Print out the data exactly, keeping every image out of it.

Stored items
++++++

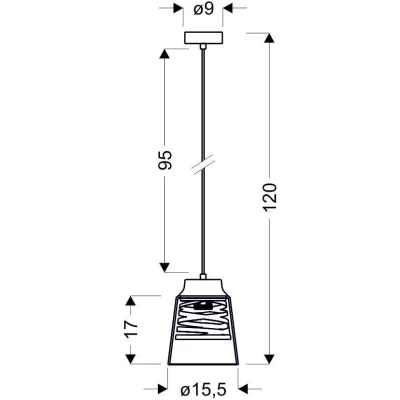 Moderní závěsné světlo FRESNO - 1xE27, 60W, černé / zlaté / čiré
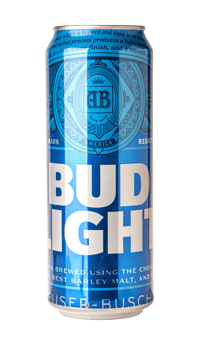 Bud Light beer in a can png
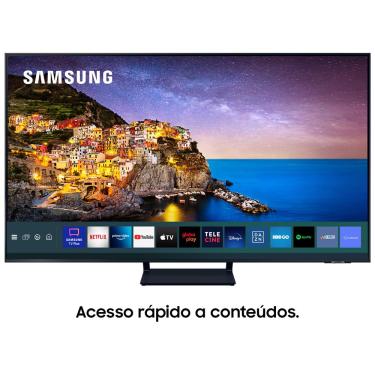 Imagem de Smart TV Samsung 55” 4K, Ultra HD QLED QN55Q70AAGXZD, Wi-fi Integrado  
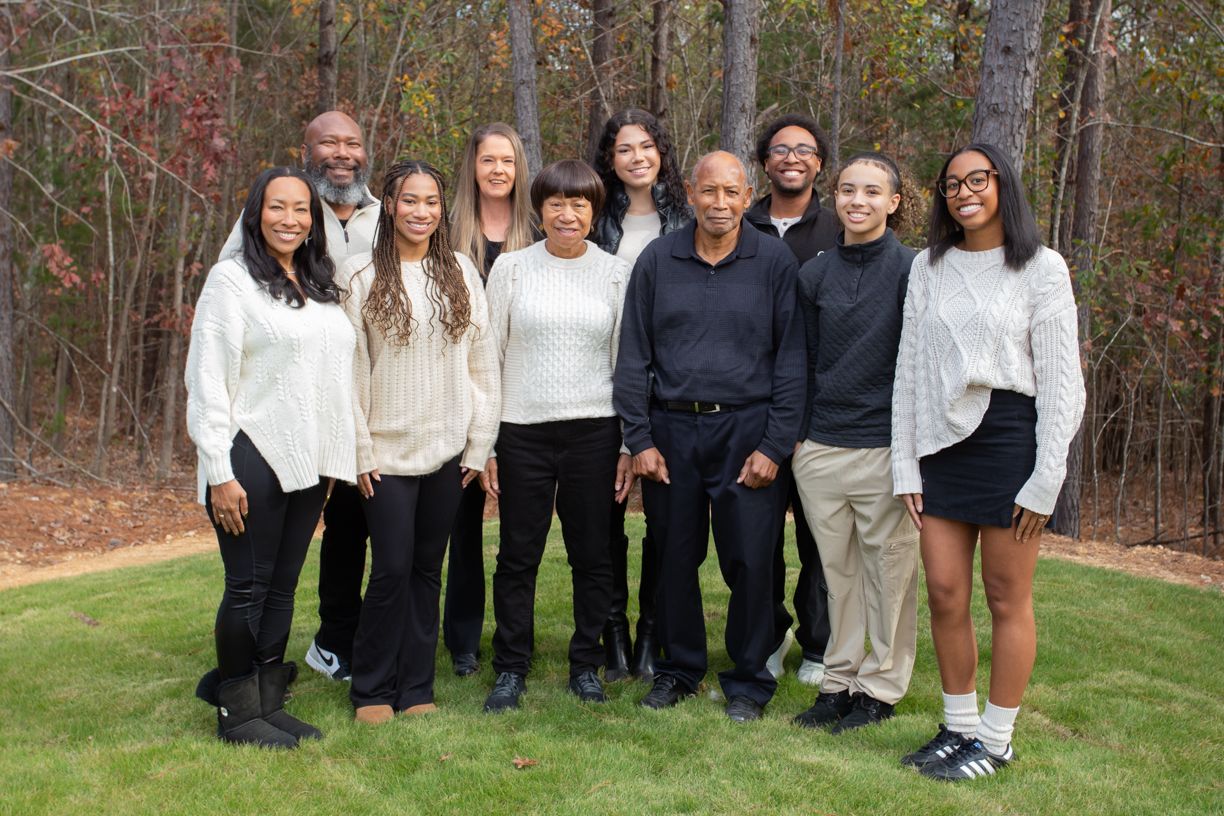 Professional family portraits in Columbia SC at outdoor location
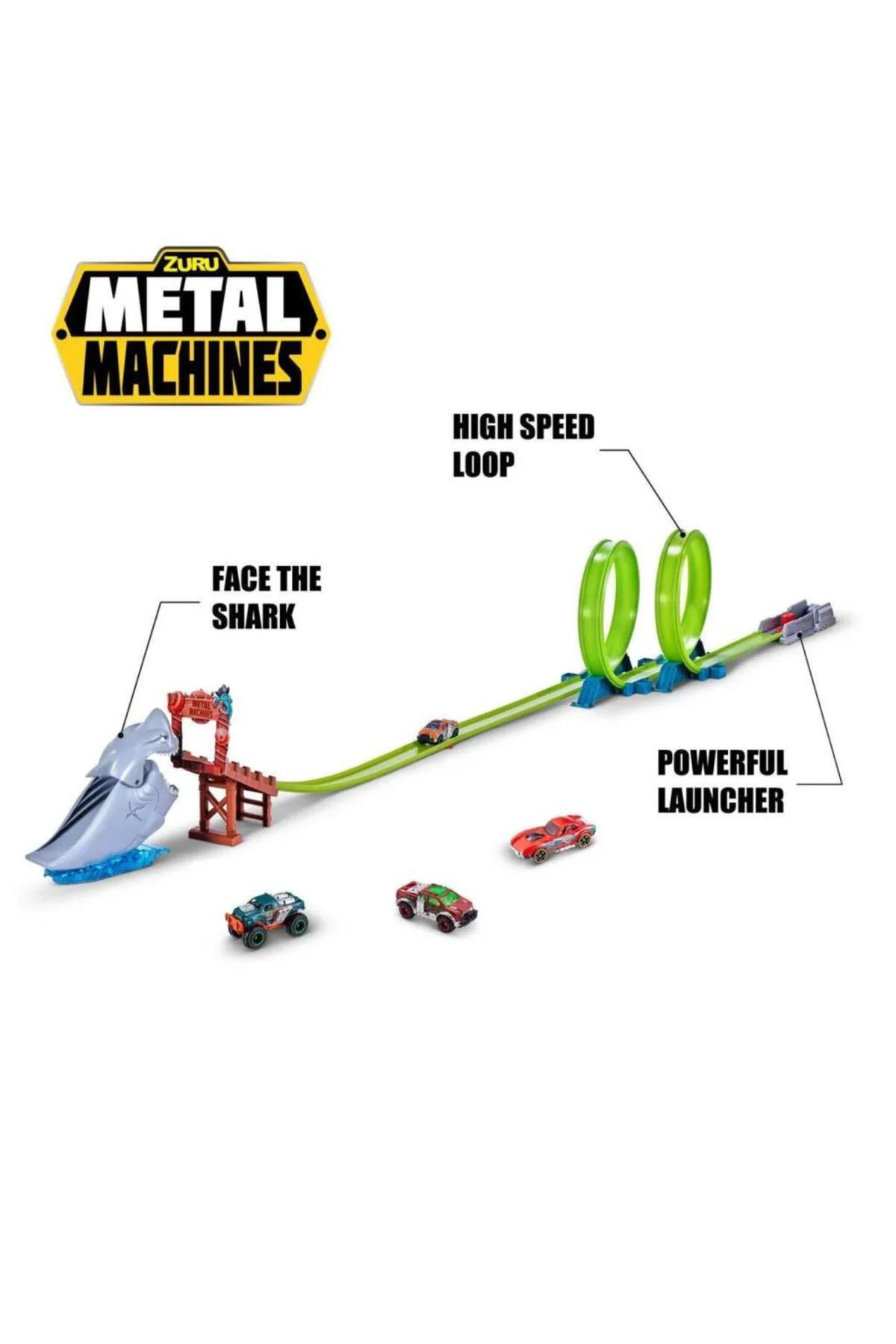 MEA04000-6760 - ZURU METAL MACHİNES SHARK OYUN SETİ (Lisinya)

++++++

| Reply |
 Moderní závěsné světlo FRESNO - 1xE27, 60W, černé / zlaté / čiré
 Bud Light beer in a can png
 Imagem de Smart TV Samsung 55” 4K, Ultra HD QLED QN55Q70AAGXZD, Wi-fi Integrado  
 Professional family portraits in Columbia SC at outdoor location
 MEA04000-6760 - ZURU METAL MACHİNES SHARK OYUN SETİ (Lisinya)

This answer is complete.